About this project
Traditional water quality testing can be costly, and analyses can take a long time to be conducted and for results to be returned to landowners. In this project, we are aiming to provide real-time water quality results to allow farmers to determine whether there are early warning signs of unsafe water quality for livestock consumption in a timely fashion. To do this, we are using Community-Based Water Monitoring (CBWM) methods for use specifically in farm dugouts and sloughs. This research is led by Dr. Kerri Finlay at the University of Regina.
Your measurements serve as the first indicator of water quality gone wrong in the dugout. While these tests can indicate water issues, they don’t replace lab testing.
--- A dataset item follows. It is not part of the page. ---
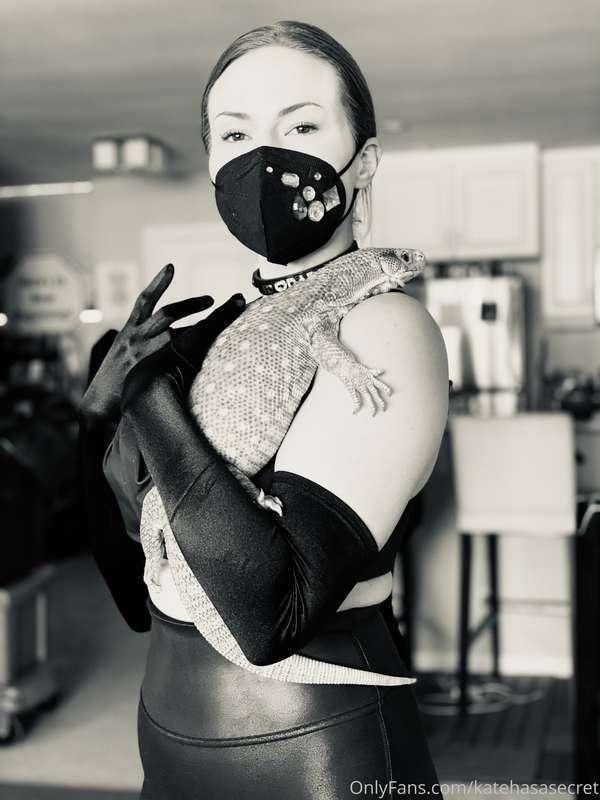 Oh hi 🐍  We’ve been shooting all week! 😘 Vivi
When in doubt, do not let your cattle near water you suspect to have serious issues.
This collaboration between Water Rangers and the University of Regina would not be possible without the support of the Saskatchewan Ministry of Agriculture, the Saskatchewan Cattlemen’s Association and the University of Regina’s Faculty of Science.
Sharing your data
Your observations help inform scientific research that looks into water quality trends in dugouts during the warm months.
Your observations can’t do all these incredible things if they aren’t properly managed and shared. When your observations are shared on Water Rangers’ data platform, this facilitates the reuse of and access to your data for scientists, decision-makers, and communities.
Once your account is created and you’ve joined the group, you can choose how you’ll share your data to the platform. You can share your data using:
- Water Rangers’ data platform on your computer. Log in to share and manage your data via our open data platform app.waterrangers.ca
- Water Rangers’ iOS field app. Enter your data right from the field using your smartphone! This ensures your observations are immediately managed and shared on our data platform. Search for Water Rangers in the iOS store.
How will your data be used?
Your data will be used by the University of Regina to look for trends in water quality. For example, your measurements will help determine whether conductivity can be used to reliably estimate sulfate concentrations and therefore the safety of the water for cattle consumption.
Your measurements also serve as the first indicator of water quality gone wrong in the dugout. While these tests can indicate water issues, they don’t replace lab testing. When in doubt, do not let your cattle near water you suspect to have serious issues.